■ Goal of the exercise
When you find the line with "dreamhost dreampress managed hosting" among the records below, reproduce it and each line after it exactly, ending with the line with "Dusty Blue Wildflower Boho Wedding Kaart".

■ Entries provided
§

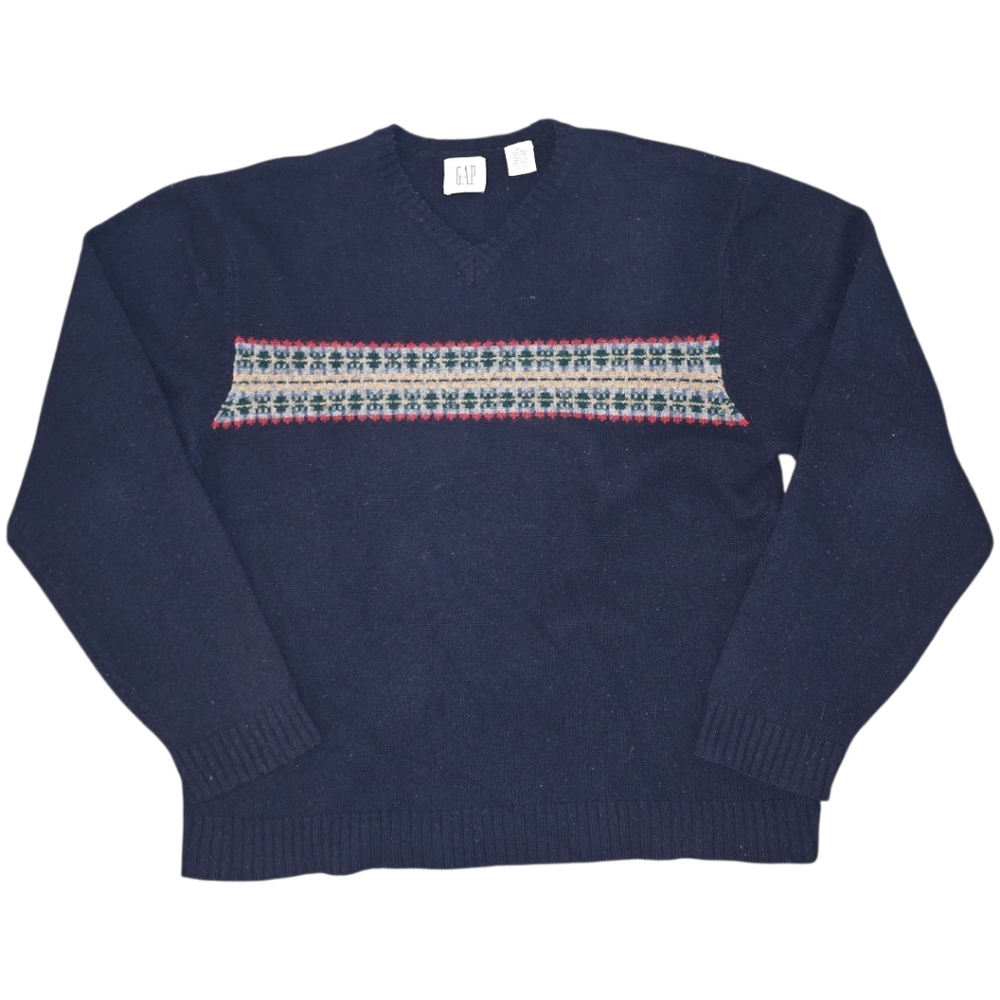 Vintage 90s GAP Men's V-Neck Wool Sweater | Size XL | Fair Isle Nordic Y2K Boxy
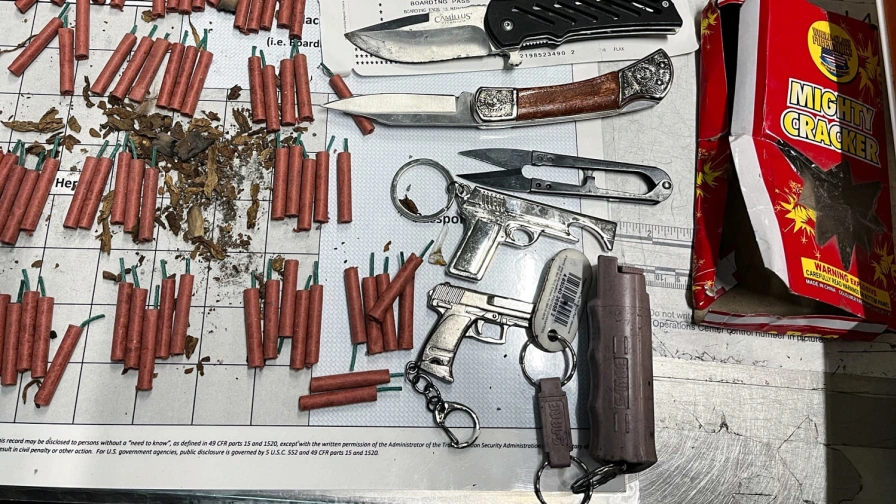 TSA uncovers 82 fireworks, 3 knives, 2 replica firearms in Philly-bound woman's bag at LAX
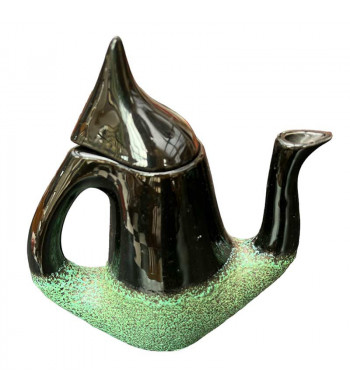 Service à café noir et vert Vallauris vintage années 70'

§

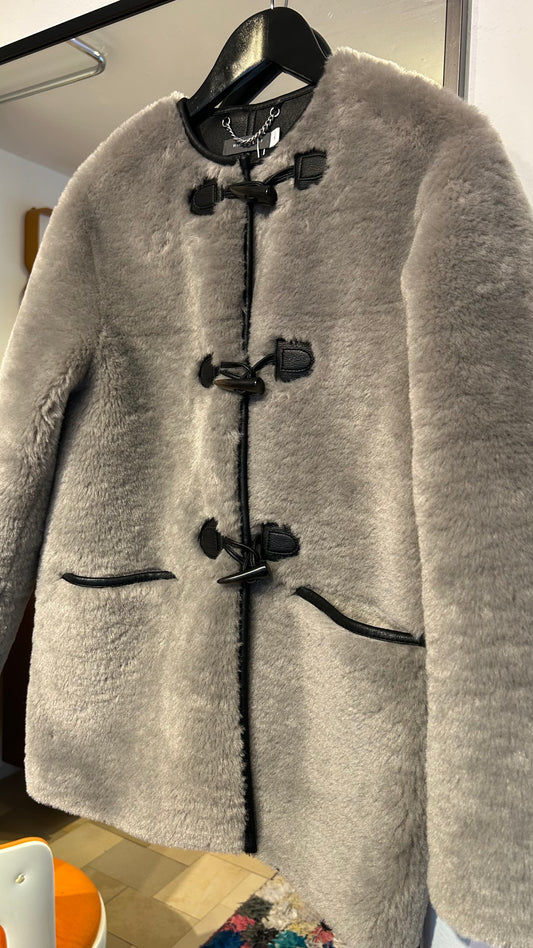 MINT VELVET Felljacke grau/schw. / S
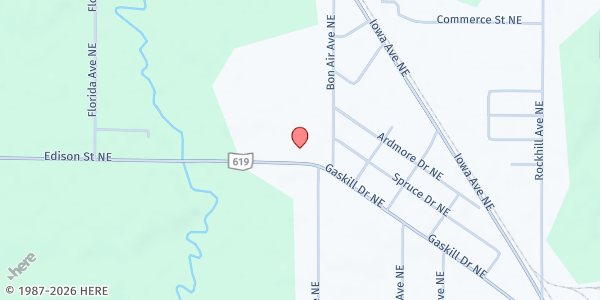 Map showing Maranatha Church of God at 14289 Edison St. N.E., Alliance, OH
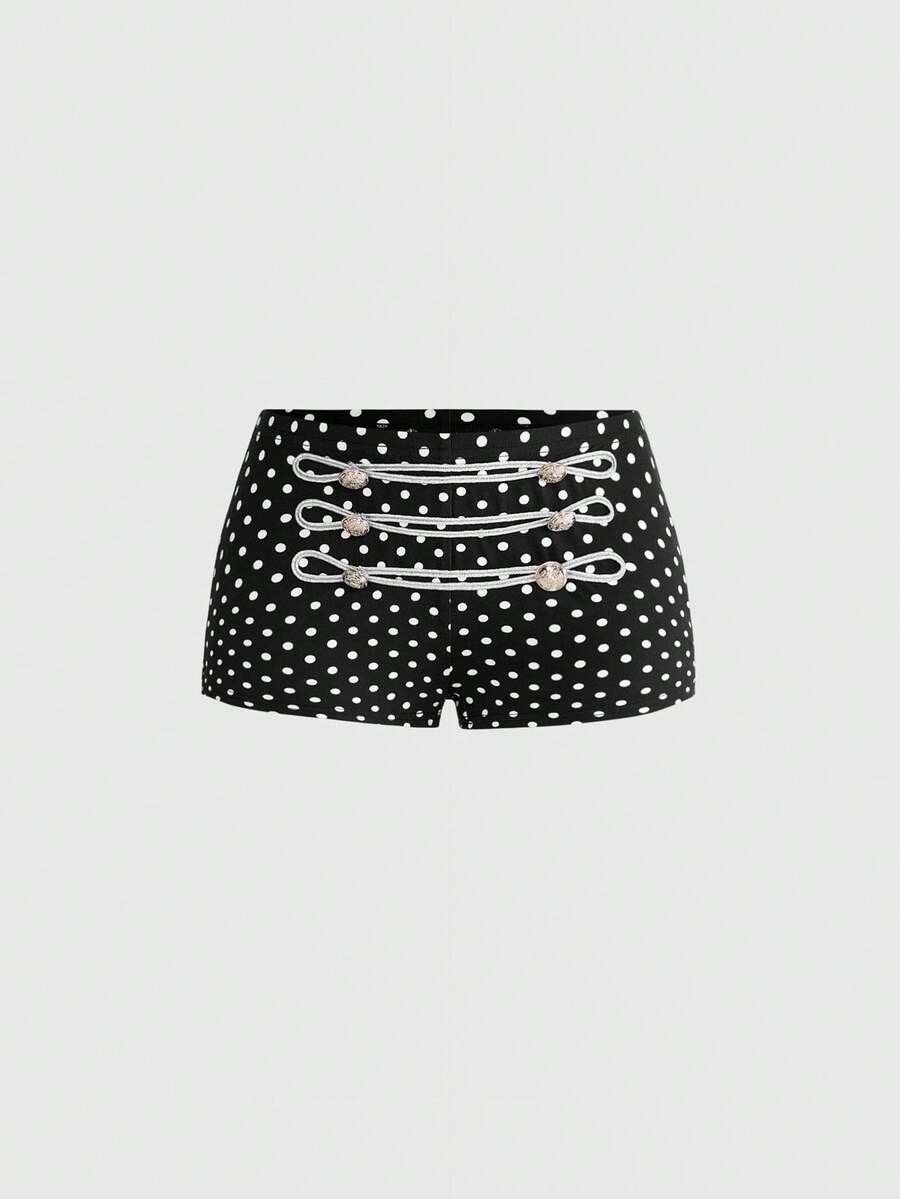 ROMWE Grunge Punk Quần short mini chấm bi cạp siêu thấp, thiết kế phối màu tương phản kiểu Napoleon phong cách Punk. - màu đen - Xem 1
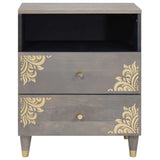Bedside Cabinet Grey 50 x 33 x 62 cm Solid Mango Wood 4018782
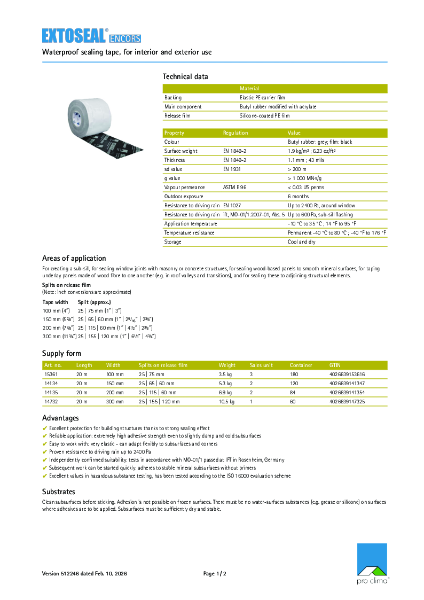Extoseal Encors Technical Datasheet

§

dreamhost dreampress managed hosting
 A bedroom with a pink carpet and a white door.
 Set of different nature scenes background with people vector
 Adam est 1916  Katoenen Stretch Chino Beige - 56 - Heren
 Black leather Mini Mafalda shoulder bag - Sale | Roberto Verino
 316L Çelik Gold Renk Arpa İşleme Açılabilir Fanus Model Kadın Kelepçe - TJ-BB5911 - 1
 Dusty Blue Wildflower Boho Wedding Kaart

§

■ Response to the exercise
dreamhost dreampress managed hosting
 A bedroom with a pink carpet and a white door.
 Set of different nature scenes background with people vector
 Adam est 1916  Katoenen Stretch Chino Beige - 56 - Heren
 Black leather Mini Mafalda shoulder bag - Sale | Roberto Verino
 316L Çelik Gold Renk Arpa İşleme Açılabilir Fanus Model Kadın Kelepçe - TJ-BB5911 - 1
 Dusty Blue Wildflower Boho Wedding Kaart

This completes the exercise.